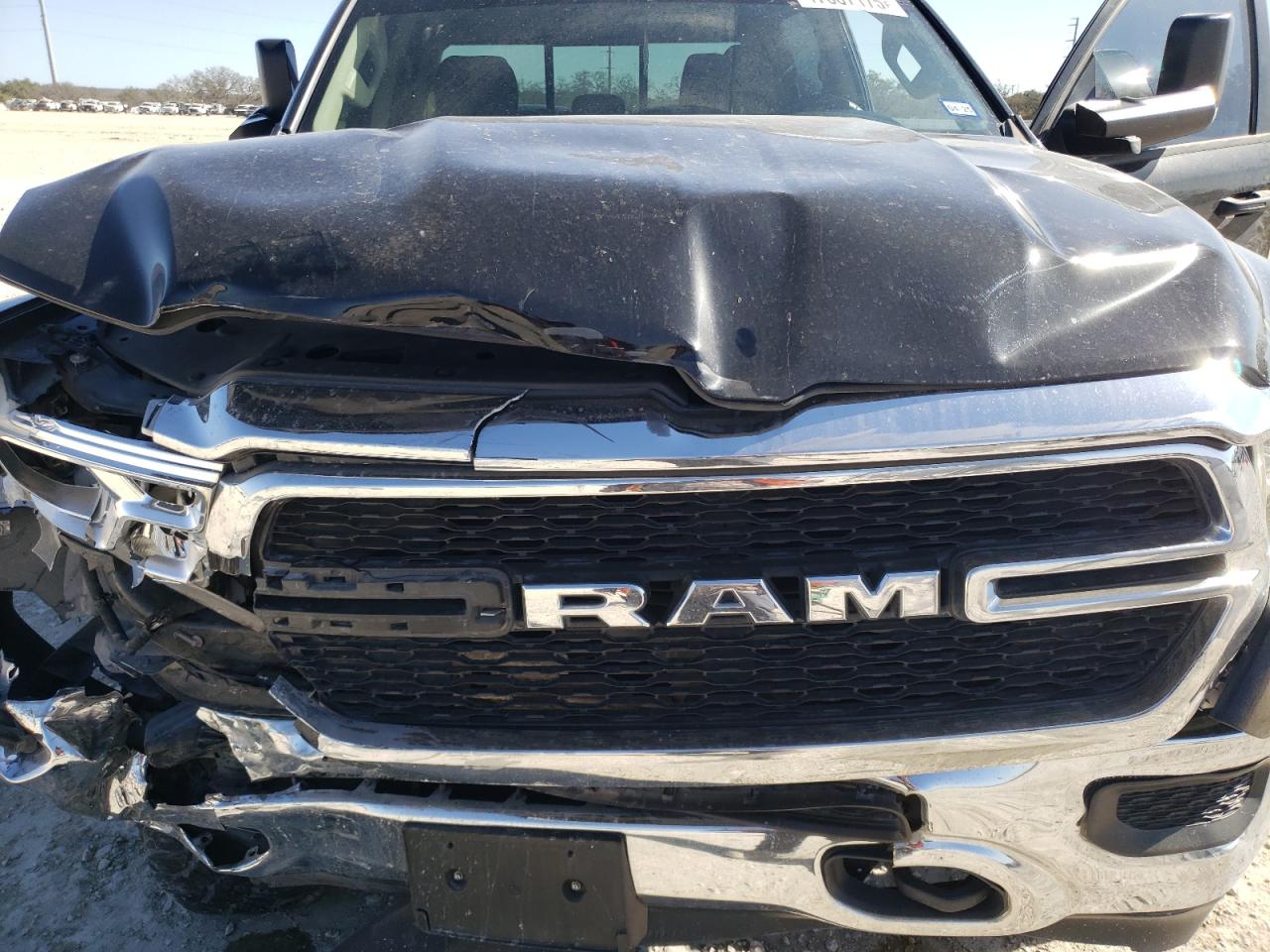 2019 RAM 1500 - Image 12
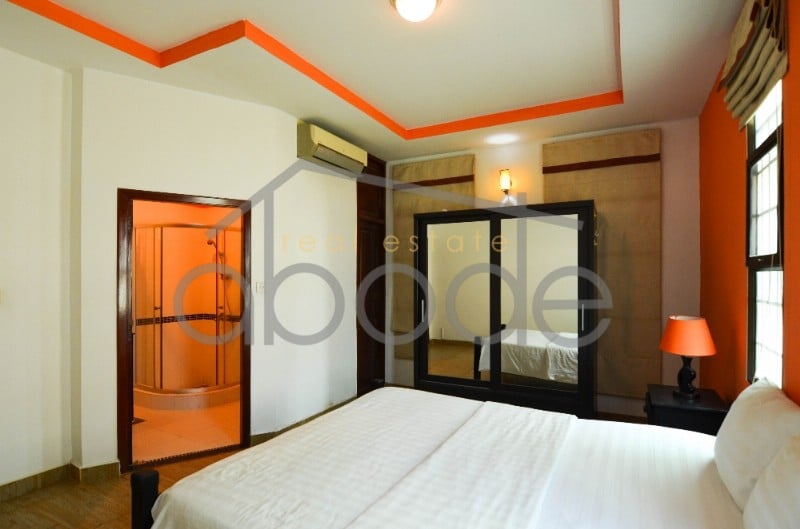 2 bedroom apartment Wat Phnom for rent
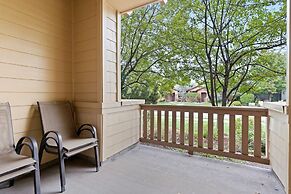 Old Mill Proxi 2 Bedroom Townhouse by RedAwning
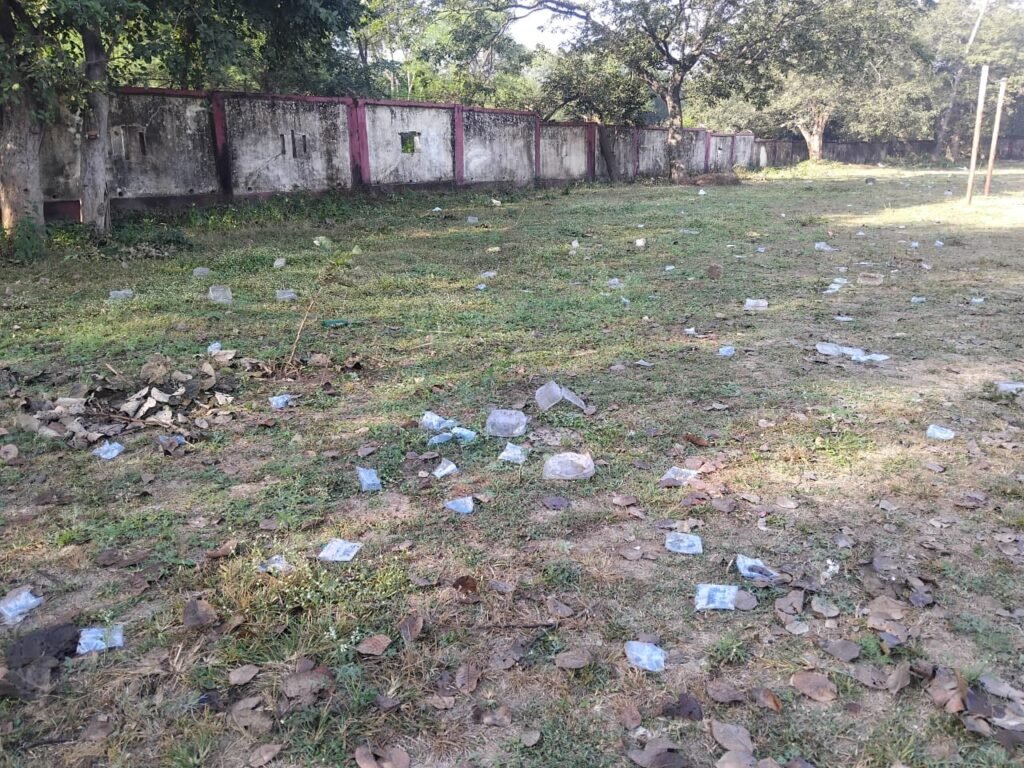 कचरा घर बना कॉलेज का खेल मैदान, भोजन के पैकेट, पानी की पाऊच आदि कचरे से पटा मैदान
+===+
Would you write out all of the data exactly as it stands, without the pictures?

 2019 RAM 1500 - Image 12
 2 bedroom apartment Wat Phnom for rent
 Old Mill Proxi 2 Bedroom Townhouse by RedAwning
 कचरा घर बना कॉलेज का खेल मैदान, भोजन के पैकेट, पानी की पाऊच आदि कचरे से पटा मैदान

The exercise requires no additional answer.